This is when I knew the evening would most likely not end well. Somehow, I managed to calm Richard while ordering a round of absinthe for us all (which redban rather graciously paid for), but the bartender was already pissed. She was mean mugging Richard and asked him if she should even bother serving him.

Once we settled into our drinks, redban fell in love with the cute emo/goth bartender and started to flirt a little. This chick was not having it though. This is how I remember a portion of the conversation between them.

redban: You have a great smile. You’re really cute when you smile. You should smile more.

emo/goth bartender: I fucking hate it when people tell me to smile. It’s my biggest pet peeve… really pisses me off.

At that point, I seriously expected one of us to get punched in the face by a girl.

Somehow, miraculously -I managed to get the bartender chick laughing and smiling a bit and just when I thought all was well with the world, I hear a loud crash and the sound of broken glass… it was like one of those moments in the movies when the needle grinds across the record and everything goes quiet while all eyes turn to stare… at Richard… standing in the hallway near the bathroom with a broken bottle of Bud Lite between his feet.

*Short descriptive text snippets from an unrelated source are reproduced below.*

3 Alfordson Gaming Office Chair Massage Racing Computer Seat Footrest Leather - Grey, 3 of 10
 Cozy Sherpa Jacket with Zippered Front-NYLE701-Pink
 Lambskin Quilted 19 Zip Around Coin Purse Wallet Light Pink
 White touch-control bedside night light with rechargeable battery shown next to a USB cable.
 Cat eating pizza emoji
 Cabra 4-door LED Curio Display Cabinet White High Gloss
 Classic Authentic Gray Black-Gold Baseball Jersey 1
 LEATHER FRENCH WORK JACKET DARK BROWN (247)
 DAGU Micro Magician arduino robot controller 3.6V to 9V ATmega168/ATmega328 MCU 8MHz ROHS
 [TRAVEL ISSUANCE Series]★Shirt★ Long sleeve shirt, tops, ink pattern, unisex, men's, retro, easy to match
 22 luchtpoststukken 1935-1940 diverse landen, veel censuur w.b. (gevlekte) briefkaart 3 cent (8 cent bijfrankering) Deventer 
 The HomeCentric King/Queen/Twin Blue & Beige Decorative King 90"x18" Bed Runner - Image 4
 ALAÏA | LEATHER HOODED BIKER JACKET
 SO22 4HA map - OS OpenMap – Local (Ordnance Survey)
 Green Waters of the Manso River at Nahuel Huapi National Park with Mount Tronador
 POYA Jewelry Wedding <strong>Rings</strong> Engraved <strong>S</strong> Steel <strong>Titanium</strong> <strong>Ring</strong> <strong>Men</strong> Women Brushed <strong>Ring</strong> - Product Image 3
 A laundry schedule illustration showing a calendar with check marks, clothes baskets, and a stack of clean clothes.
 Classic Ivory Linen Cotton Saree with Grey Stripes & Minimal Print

This was not good considering he had already been warned before he even started drinking and as the bouncers approached, he started complaining loudly about the “dangerously uneven floors” and how he would “have the city come in here and shut this whole den of snakes run by gypsies and thieves down.”

A single glass of absinthe costs $14, so naturally we just politely sipped our drinks and began damage control while watching our buddy Richard get drug from the building. After all, Richard is a big boy with a cell phone and an ATM card and when you party with savages you have to be prepared to fend for yourself or get left behind.

“I swear I just met that guy tonight,” I said.

“We bumped into him outside and he just started following us around,” jonny chimed in.

Once again, I went to work bringing the bartender back around to our side so we could continue drinking and just when I thought I had her figured out -redban said something about her “butthole”.

I don’t really remember exactly what it was and I’m sure it was meant to be a compliment, but she didn’t seem to think so. Fortunately, before she could punch us in the face Richard came barreling back in through the front door yelling something about how he had to take a piss. Strangely, they let him back in and escorted him to the bathroom. Afterward, he tried to saddle back up to the bar, but they were not having it and once again, we watched while these guys drug him out of there while he was screaming about “dirty gypsy thieves” and snakes and what not.

That’s when the bartender picked up the phone and called the cops while jonny stepped outside to mediate this madness. I knew if I stepped outside, I would probably end up in jail too -so I just stayed put and jonny literally saved young Richard’s life by calling him a cab just seconds before the cops arrived.

That’s right, Richard now owes a life debt to jonny and is his man-slave.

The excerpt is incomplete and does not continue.